The Quasar engine orchestrates all components:

type QuasarEngine struct {
    photon  *PhotonEngine
    wave    *WaveEngine
    focus   *FocusEngine
    prism   *PrismEngine
    horizon *HorizonEngine
    flare   *FlareEngine
}

func (q *QuasarEngine) ProcessRound(height uint64) {
    // 1. PHOTON: Select proposer
    proposer := q.photon.SelectProposer(height, q.validators)

    // 2. Receive proposed block/vertices
    items := receiveProposals(proposer)

    // 3. PRISM: Structure DAG
    cut := q.prism.Cut(height)
    slices := q.prism.Refract(cut, q.wave.k)

    // 4. WAVE: Poll each slice
    for _, slice := range slices {
        sample := q.photon.Sample(q.wave.k)
        for _, item := range slice {
            preferOK, confOK := q.wave.Poll(sample, item)

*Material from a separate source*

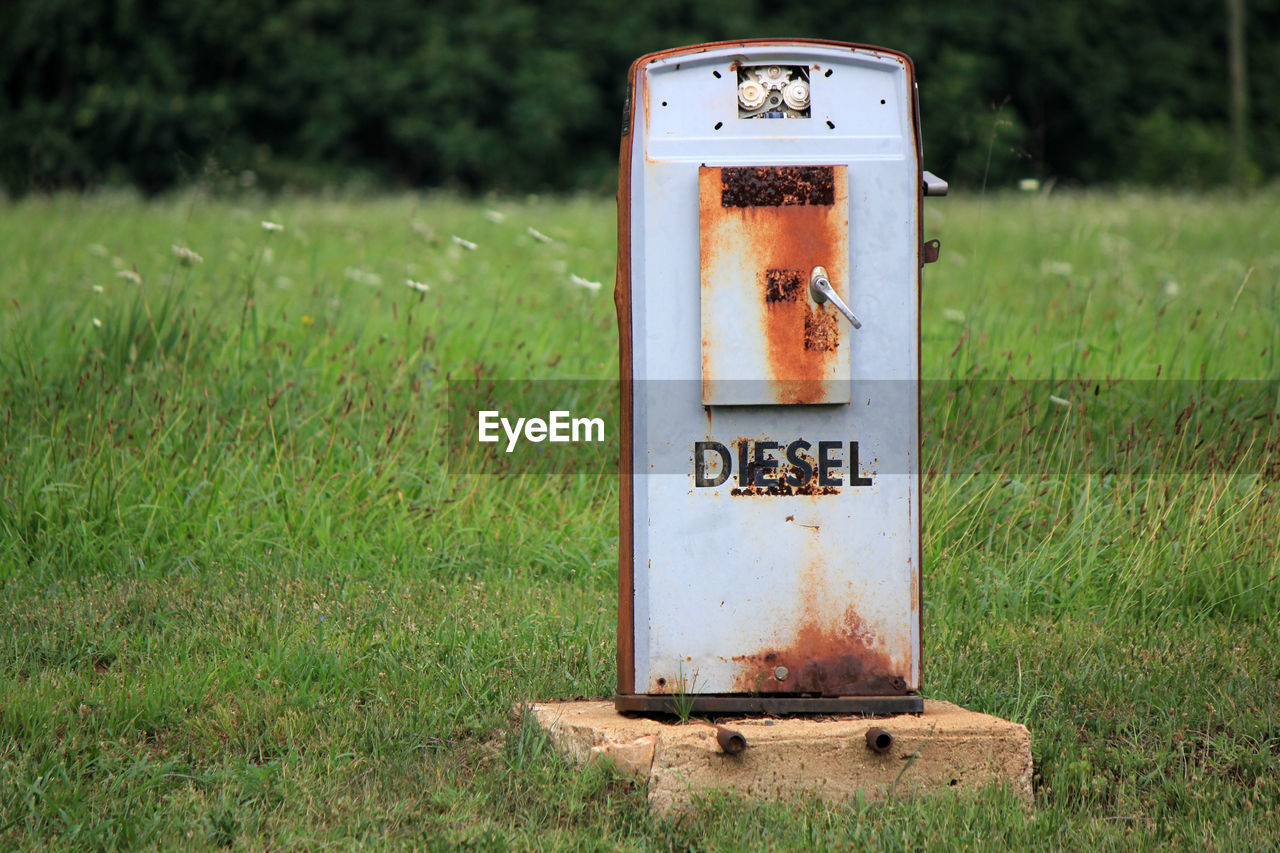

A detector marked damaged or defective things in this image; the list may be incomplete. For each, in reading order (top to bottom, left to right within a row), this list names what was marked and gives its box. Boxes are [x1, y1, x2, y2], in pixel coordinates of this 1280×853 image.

            // 5. FOCUS: Accumulate confidence
            if q.focus.RecordSuccess(item.ID(), confOK) {
                // 6. HORIZON: Check finality predicates
                if q.horizon.Certificate(item.ID()) {
                    // 7. FLARE: Commit
                    q.flare.Finalize([]ids.ID{item.ID()})
                }
            }
        }
    }
}

4. Performance Characteristics

MetricValueNotes
Time to Finality400-800msSub-second in normal conditions
Message ComplexityO(kn)k=20 samples, n validators
Byzantine Tolerancef < n/3Standard BFT guarantee
Rounds to Finality3-5Based on β=3 confidence

5. Post-Quantum Extension

Quasar supports optional quantum-safe signatures:

type QuasarPQ struct {
    *QuasarEngine

    // Round 1: BLS aggregate (fast, classical)
    blsSignatures map[ids.ID][]byte

    // Round 2: Lattice (quantum-safe, larger)
    latticeSignatures map[ids.ID][]byte
}

func (q *QuasarPQ) FinalizeWithPQ(itemID ids.ID) {
    // Require both signature types
    if len(q.blsSignatures[itemID]) > 0 &&
       len(q.latticeSignatures[itemID]) > 0 {
        q.flare.Finalize([]ids.ID{itemID})
    }
}

Rationale

Modular Design

Each component handles one concern:

  • Easier to reason about correctness
  • Components can be upgraded independently
  • Clear interfaces enable testing

Physics Metaphors

The naming provides intuition:

  • Light (photon) → who speaks
  • Wave → how opinions propagate
  • Focus → convergence point
  • Prism → structure/refraction
  • Horizon → boundary of finality
  • Flare → explosive commitment

Sub-Second Finality

Achieved through:

  1. Parallel polling (Wave)
  2. Adaptive thresholds (FPC)
  3. Confidence shortcuts (Focus)
  4. Certificate detection (Horizon)

Backwards Compatibility

Quasar maintains compatibility with existing Snowman consensus through interface adapters:

type SnowmanAdapter struct {
    quasar *QuasarEngine
}

func (s *SnowmanAdapter) RecordPoll(votes ids.Bag) {
    // Convert Snowman votes to Quasar polling
    s.quasar.wave.ProcessVotes(votes)
}

Test Cases

See component-specific LPs for detailed test cases:

  • LP-111: Photon selection tests
  • LP-112: Flare finalization tests
  • LP-113: Wave/FPC voting tests
  • LP-114: Focus convergence tests
  • LP-115: Horizon predicate tests
  • LP-116: Prism geometry tests

Reference Implementation

Primary Location: ~/work/lux/consensus/

Component Directories:

  • protocol/photon/ - VRF-based proposer selection
  • protocol/wave/ - FPC threshold voting
  • protocol/wave/fpc/ - FPC selector implementation
  • protocol/focus/ - Confidence accumulation
  • protocol/prism/ - DAG geometry
  • protocol/horizon/ - Finality predicates
  • protocol/quasar/ - Unified engine

Repository: https://github.com/luxfi/consensus

Security Considerations

  1. VRF Security: Photon selection requires secure VRF keys
  2. Sample Bias: Wave requires cryptographic random sampling
  3. Confidence Gaming: Focus resets prevent manipulation
  4. DAG Attacks: Prism/Horizon detect conflicting vertices
  5. Finality Safety: Flare only commits certified vertices

References

[1] Quasar Consensus Protocol Specification. 2024. [2] Micali, S., et al. "Verifiable Random Functions". FOCS 1999. [3] Popov, S., et al. "FPC-BI: Fast Probabilistic Consensus". 2021. [4] Team Rocket. "Snowflake to Avalanche". 2018.